JPR・加納社長「想定外の需要」と説明・謝罪、回収強化など対応加速強調
※午前中に配信した記事を差し替えました
日本パレットレンタル(JPR)の加納尚美社長は4月26日、東京都内の本社で記者会見し、レンタルパレットの供給が今月中旬以降、滞っている状況を明らかにした。加納社長は「予想を大幅に上回る需要と、予想を大幅に下回る回収が影響している」と説明、謝罪するとともに、2019年度中は現状のような不安定な供給が続く可能性があると予測、空きパレットの迅速な回収などへの協力を要請した。
併せて、「物流業界全体の問題として、パレットをどのように使っていくかは解決していかないといけない課題」と語り、パレットの重要性を社会的にも広く訴えていく考えを示した。国土交通省にも需給バランスが崩れている現状を説明、支援を求めていく構えだ。
記者会見する加納社長
同社長によると、足元で急速に需給バランスが悪化し、4月22日以降に受けたレンタルパレットの注文に対し、要望に応えられていない状況にあるという。現在、出荷枚数を一律で3割減らすよう顧客に協力を求めている。併せて、新規の利用オーダーは受け入れを停止している。
4月は需要枚数が前年比15%増も回収4%プラスにとどまる
同社長は供給が不安定になっている背景として、深刻な人手不足による物流効率化の要請が強まっていることなどから、プラスチックパレットへの需要がここ数年は前年比8~9%増で推移しており、15年度からは約800万枚伸びている実情に言及。
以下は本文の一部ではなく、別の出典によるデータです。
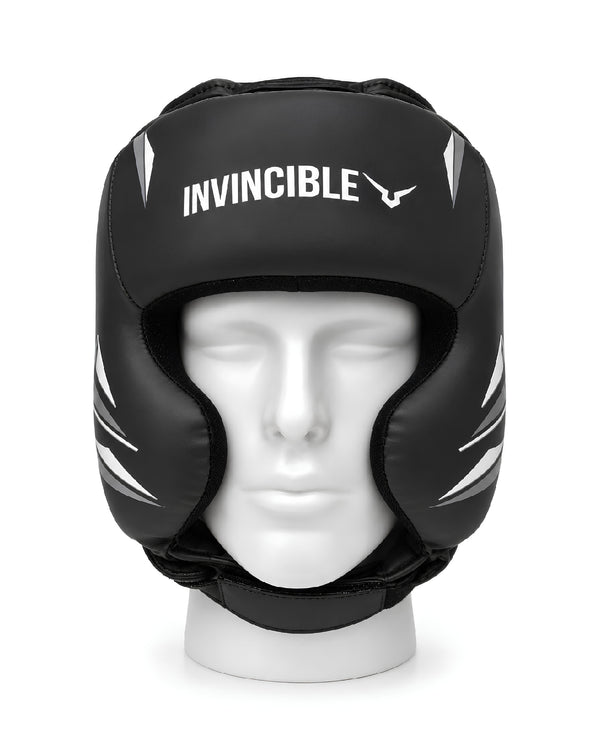 Invincible Āśtra 2.0 Pro Head Guard Hover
同時期に新規で約300万枚を調達したが、需要の伸びに追い付いていないことを明らかにした。
また、4月は需要が対前年比10%プラスとみていたが実際には約15%と上回っている一方、使用済みパレットの回収が7%プラスと予測したが実際には4%にとどまっており、需要と回収の乖離幅が拡大したため、急速に供給が滞っていると説明した。
今後の見通しとしては、夏季や消費増税前の駆け込み需要で波動が生じると見込まれることなどを踏まえ、「少なくとも19年度中は供給が不安定な状況が続き、物流や生産に大きな影響を与える可能性がある」と強調。
空きパレットの回収強化や国内外の調達先拡大、新たな素材を用いたパレットの開発など対応を加速する姿勢を示すとともに、「中長期的には安定してご要望に応えられる運用をしていきたい」と述べた。
経営責任について問われたのに対しては「全力で問題解決に対処していく」と繰り返し強調。パレット調達拡大が自社の経営に及ぼす影響に関してはコスト増が収益の重しとなることは認めながらも、パレットなどへの投資を継続する意向を明示した。